Jens Blauert was born in Hamburg in 1938. After attending school in Dresden and Hamburg, he studied Electrical Engineering at RWTH Aachen University, where he earned his diploma in 1964. During his studies, he specialized in communications engineering – what we would call information technology today – and his thesis focused on a device for error detection in data transmission. It was therefore only natural that he subsequently joined the Institute for Communications Engineering at RWTH Aachen University as a research assistant under Volker Aschoff; an institute that is currently headed by a student of Jens Blauert, Alexander Raake. During his time as a research assistant there, Jens Blauert devoted himself entirely to binaural hearing and received his doctorate with honors in 1969 with a dissertation on “Investigations into directional hearing in the median plane with a fixed head.”

Directional hearing also dominated the rest of his time in Aachen, although he also had considerable exposure to technical acoustics there. Unfortunately, RWTH Aachen University was reluctant to approve habilitations at that time. Thus, it was thanks to a fortunate coincidence that he was able to complete his habilitation in 1973 under Lothar Cremer at the TU Berlin in the field of “Psychoacoustics and Electroacoustics.” Just one year later, Jens Blauert received a call to the recently established Faculty of Electrical Engineering at Ruhr University Bochum. A chair in General and Theoretical Electrical Engineering was to be filled there, and ultimately this broad field was divided into two professorships. His chair was therefore initially named “General Electrical Engineering and Electroacoustics” (AEEA), until Jens Blauert discovered that the term “Institute” was not protected in the federal state of North Rhine-Westphalia. Without further ado, he founded the “Institute for Communication Acoustics” (IKA), which still exists today under the same name, and thus shaped the terminology in this field, which is important for both interpersonal communication and human-computer interaction.
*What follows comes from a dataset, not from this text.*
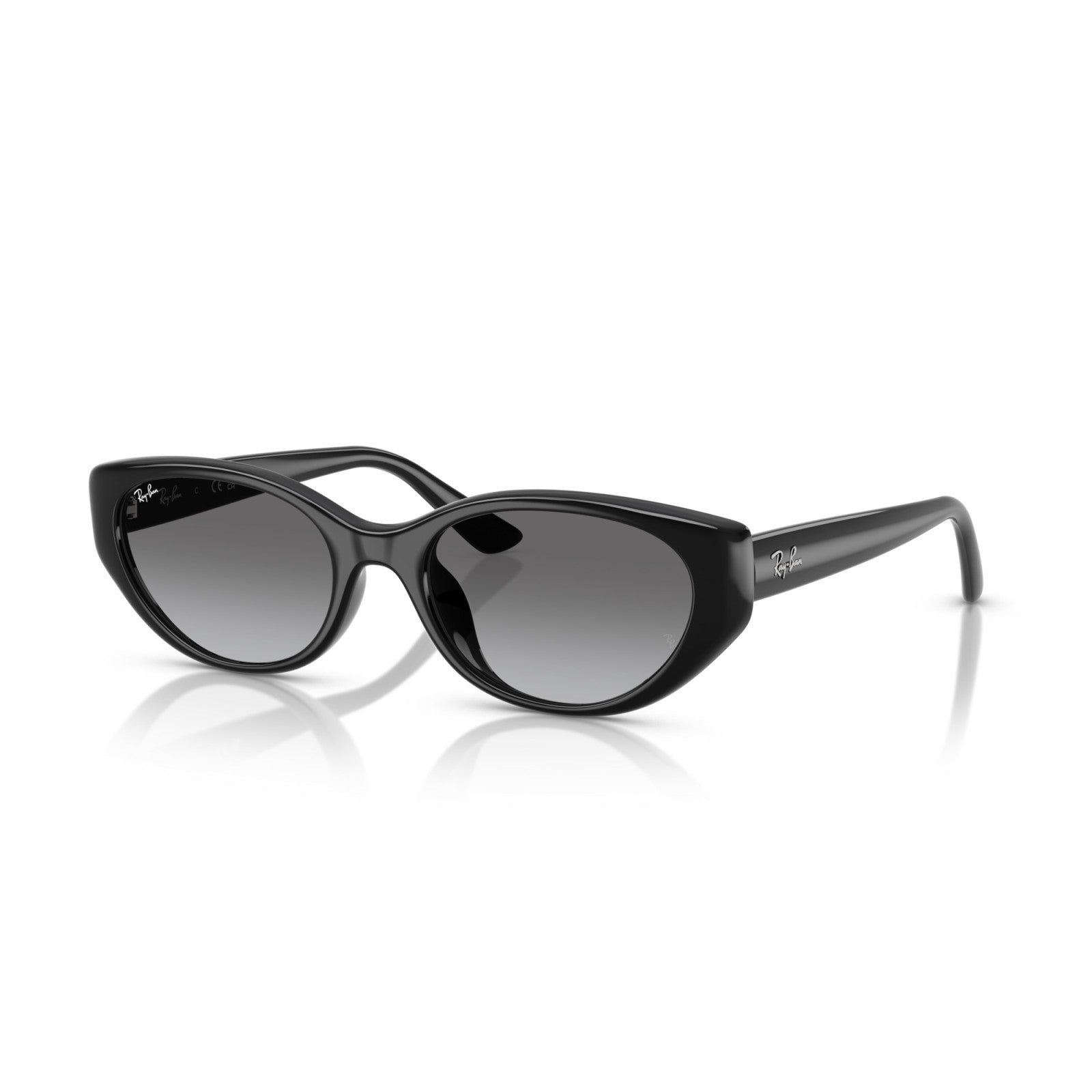 Ray-Ban RB 4457D - 667711 Nero | Occhiale Da Sole Unisex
The telecommunications perspective is clearly evident right from the start of his seminal work Spatial Hearing – the book he published in 1974 based on his habilitation thesis under Hirzel, and which has since been translated into many languages (as early as 1979 into Russian, 1984 into English, and 1986 into Japanese). The second expanded edition of Spatial Hearing from 1997 is likely to be on the shelves of most acousticians and audiologists. The directional frequency bands, sometimes referred to as Blauert’s bands, which are crucial for directional hearing in the median plane, also stem from his work. Yet Jens Blauert was not only concerned with understanding the mechanisms of human hearing, but above all with making these mechanisms technically usable “for social good.”

Thus, various research groups emerged within his IKA, focusing on virtual acoustic environments, speech recognition and speech synthesis, audiology and measurement technology – that group led by Herbert Hudde as an extraordinary professor – as well as perceptual system quality. The latter is a field for which Jens Blauert laid the groundwork as early as 1986 in a plenary lecture in Cambridge, MA, and which is now known as sound engineering. Ute Jekosch and later Ercan Altinsoy then pursued this interdisciplinary topic at TU Dresden. This breadth of research is also the result of a wise academic leadership culture: Jens Blauert excelled at motivating young researchers to pursue their own research topics and ideas. Anyone who felt at home under his “communication acoustics” banner and was successful in scientific projects received his support – even if the topics did not fall directly within the scope of Jens Blauert’s own research.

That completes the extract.